Двенадцатого июня Петр уехал в Ораниенбаум. Екатерина ждала всего в восьми верстах оттуда – в Петергофе, на летней вилле Монплезир.
Двадцать седьмого июня случилось непредвиденное: был уволен и арестован капитан Пассек, один из гвардейцев-заговорщиков. Стало понятно, что долго скрывать заговор от Петра не получится. Несмотря на то, что дворян пытали редко, все опасались именно этого. Пассек наверняка бы проговорился.
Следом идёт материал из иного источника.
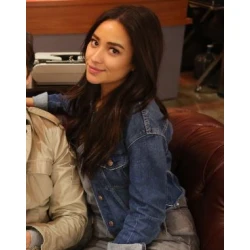 Pretty Little Liars Hanna Marins Denim Jacket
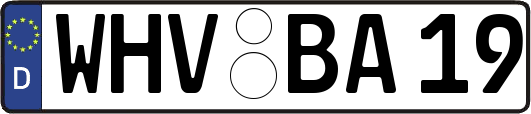 WHV-BA19
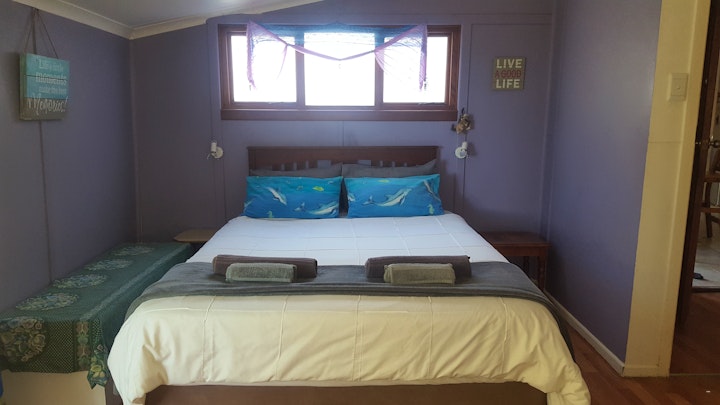 Eastern Cape Accommodation at Riet River Beach Cottage | Viya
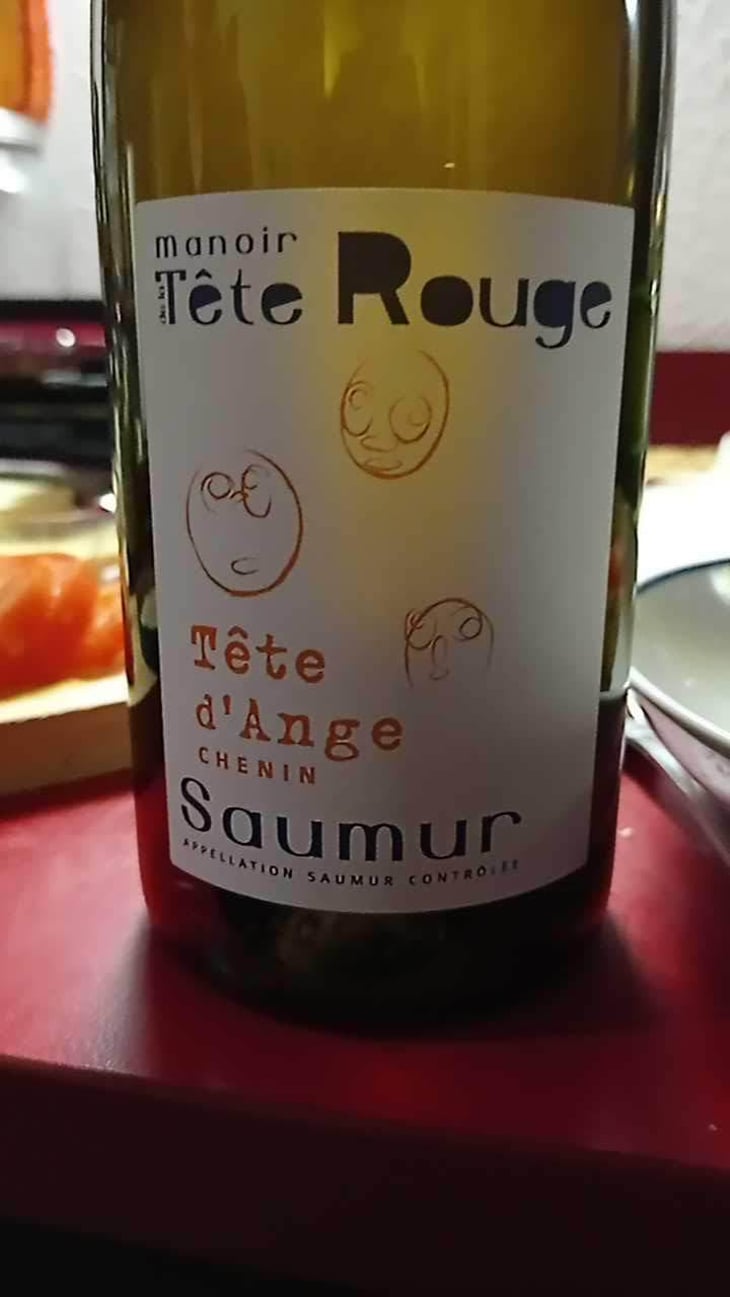 Tête d'Ange - Manoir de la Tête Rouge - Guillaume & Sophie Reynouard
Орловы, Дашкова и Панин в панике собрались вместе в первый (и последний) раз, а Потёмкин и другие заговорщики ждали их указаний. Дашкова пишет, что обычно суровые Орловы были в смятении, «желая успокоить тревогу этих двух молодых людей, я подтвердила свою личную готовность встретить опасность и просила их еще раз уверить солдат, прямо от меня, в том, что императрица совершенно благополучна, живет на свободе в Петергофе и что они должны быть спокойны и покорны приказаниям других, иначе дело будет проиграно». Ошибка могла стоить этим людям жизни, и бравада самоуверенной молодой княгини вряд ли их успокоила [48].
В свою очередь на юную княгиню вряд ли могли произвести впечатление грубоватые Орловы, которые на ее вкус были слишком простыми и невежественными. Она приказала Алексею Орлову, главному организатору переворота, известному как «Меченый» – Le Balafre, немедленно скакать в Монплезир. Однако Григорий Орлов не мог решить, надо ли ехать за императрицей тем же вечером или следует подождать следующего дня. Дашкова уверяла, что решила за него: «Я остолбенела. Это так взбесило меня, что я не могла сдержать своего гнева (причем выразилась довольно энергично) против самовольного замедления исполнения моих приказаний, данных Алексею Орлову. «Вы упустили самое драгоценное время, – сказала я. – Вы боялись потревожить государыню и решили, вместо того чтобы своевременно явиться с нею в Петербург, обречь ее на жизнь в темнице или одну с нами участь на эшафоте. Скажите же своему брату, чтобы он немедленно скакал в Петергоф и привез ее в город как можно скорей» [49].
19
Благополучие Панина зиждилось на его женитьбе на племяннице фаворита Петра Великого, князя Александра Меншикова, который начал карьеру с продажи пирогов.